Stanford University is offering a lab course on building bitcoin-enabled applications. The course is scheduled to run from Jan. 4 to March 11 from 4:30 p.m. to 5:20 p.m. Mondays and Thursdays in building 420-041 at the Stanford campus.
The introduction to bitcoin (Jan. 4) presented concepts like digital signatures, the blockchain, transactions and mining.
Instructors are Balaji S. Srinivasan, co-founder and CEO of 21 Inc., and Dan Boneh, a Stanford professor of computer science and electrical engineering.
Some Background Needed
The first two weeks provides an introduction to bitcoin-enabled computing.
Students will then build bitcoin-powered versions of some Internet services. The course work will provide insight into an environment in which services are paid using micropayments as opposed to monthly fees or ads.
Students will have open time to build bitcoin projects in the weeks of Jan. 18 and Feb. 15. In other weeks, the course will provide students a stub code that illustrates the basic mechanics of a bitcoin-enabled Internet service. Students will have a week to get the stub code running, add improvements, and test it with peers in an online marketplace.
There will be no final exam.
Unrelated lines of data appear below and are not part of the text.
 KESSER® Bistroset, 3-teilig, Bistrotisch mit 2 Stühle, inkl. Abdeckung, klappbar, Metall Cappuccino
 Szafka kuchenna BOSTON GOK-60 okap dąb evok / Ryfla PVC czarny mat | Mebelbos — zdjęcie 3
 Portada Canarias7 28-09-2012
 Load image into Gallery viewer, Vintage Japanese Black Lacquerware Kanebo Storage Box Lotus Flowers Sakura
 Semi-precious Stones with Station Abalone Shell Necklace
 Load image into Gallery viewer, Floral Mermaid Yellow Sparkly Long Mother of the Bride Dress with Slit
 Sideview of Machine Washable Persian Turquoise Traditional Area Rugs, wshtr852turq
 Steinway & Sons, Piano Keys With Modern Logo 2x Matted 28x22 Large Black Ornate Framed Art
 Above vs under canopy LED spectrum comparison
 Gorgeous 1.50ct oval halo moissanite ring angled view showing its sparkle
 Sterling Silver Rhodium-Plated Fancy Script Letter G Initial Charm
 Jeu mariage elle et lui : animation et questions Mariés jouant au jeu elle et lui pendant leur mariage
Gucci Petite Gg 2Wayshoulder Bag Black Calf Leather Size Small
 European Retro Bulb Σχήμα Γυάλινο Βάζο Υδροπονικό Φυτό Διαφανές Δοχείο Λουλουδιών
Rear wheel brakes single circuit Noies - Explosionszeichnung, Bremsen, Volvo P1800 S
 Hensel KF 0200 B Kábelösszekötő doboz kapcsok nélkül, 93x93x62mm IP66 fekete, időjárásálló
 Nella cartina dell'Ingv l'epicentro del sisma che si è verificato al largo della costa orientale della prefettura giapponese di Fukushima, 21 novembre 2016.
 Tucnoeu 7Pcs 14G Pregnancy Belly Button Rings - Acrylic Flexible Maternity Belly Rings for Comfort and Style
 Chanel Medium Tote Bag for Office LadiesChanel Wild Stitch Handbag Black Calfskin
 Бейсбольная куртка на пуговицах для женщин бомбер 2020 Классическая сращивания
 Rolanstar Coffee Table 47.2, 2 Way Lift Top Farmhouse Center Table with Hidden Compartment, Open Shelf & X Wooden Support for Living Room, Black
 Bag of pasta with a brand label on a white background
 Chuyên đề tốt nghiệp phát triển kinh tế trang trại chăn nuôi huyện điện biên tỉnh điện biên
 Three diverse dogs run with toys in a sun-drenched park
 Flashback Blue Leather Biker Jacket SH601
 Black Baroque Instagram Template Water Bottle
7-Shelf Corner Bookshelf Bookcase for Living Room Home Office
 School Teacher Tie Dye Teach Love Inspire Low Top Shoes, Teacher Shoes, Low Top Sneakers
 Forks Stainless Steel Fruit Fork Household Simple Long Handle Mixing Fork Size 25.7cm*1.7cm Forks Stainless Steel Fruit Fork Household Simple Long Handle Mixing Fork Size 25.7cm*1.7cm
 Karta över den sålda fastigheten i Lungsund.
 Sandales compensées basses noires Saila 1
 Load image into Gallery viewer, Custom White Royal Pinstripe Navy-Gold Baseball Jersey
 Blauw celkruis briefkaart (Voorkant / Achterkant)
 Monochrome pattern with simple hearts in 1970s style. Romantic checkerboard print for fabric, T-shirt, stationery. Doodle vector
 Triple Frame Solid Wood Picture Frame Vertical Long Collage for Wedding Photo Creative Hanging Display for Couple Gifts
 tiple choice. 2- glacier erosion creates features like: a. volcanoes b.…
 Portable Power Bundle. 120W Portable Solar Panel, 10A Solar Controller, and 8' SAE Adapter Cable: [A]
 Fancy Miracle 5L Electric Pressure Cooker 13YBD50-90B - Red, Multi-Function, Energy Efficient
Grading will be based on class participation. Each week, Bitcoin Magazine will report the best student projects.
A Course Rundown
The introduction to bitcoin computing (Jan. 11) will cover bitcoin micropayments. Students will learn how to add micropayments transparently to a web service that uses payment gateways implementing the HTTP 402 error code.
Hack Week 1 (Jan. 18) will be a free creativity week. Students will be able to extend any micropayment demo from the prior week to add functionality or create a new one.
Bitcoin Instagram (Jan. 25) will allow students to set a price on Instagram pictures and create a machine-payable stock photo search engine. Students will experiment with monetizing the user-generated content on other services.
Bitcoin Twitter (Feb. 1) will let students develop an app that allows them to accept micropayments from retweets. They will add filters and permissions to make sure they only promote content interesting to followers. Students will experiment with paid endorsements on their other social networks.
Bitcoin WordPress (Feb. 8) will have students develop an app allowing them to monetize a blog by charging small micropayments for page views. Students will place the same micropayment wrapper around other content such as database result pages and wikis.
Hack Week 2 (Feb. 15) will be a free creativity week. Students will extend any code they have worked with from the prior weeks to create new functionality or develop a new demo.
Bitcoin Linux (Feb.22) will let students create a command line program outsourcing part of its code to the cloud. They will charge micropayments for each use. The students will build their own machine-payable command line app.
Bitcoin Google (Feb. 29) will have students develop a web search engine that is funded by micropayments rather than ad views. The project will turn the primary customer into a user as opposed to an advertiser. The search functionality will extend to search other types of content.
Bitcoin Dropbox (March 7) will have students create a file server charging clients per byte with precision below a single satoshi (under $0.000004 USD) using bitcoin micropayment channels. The students will build other types of grid computing services using fine-grained micropayments.
There will be a review and recap on March 14. Students will be able to review demos from the previous weeks.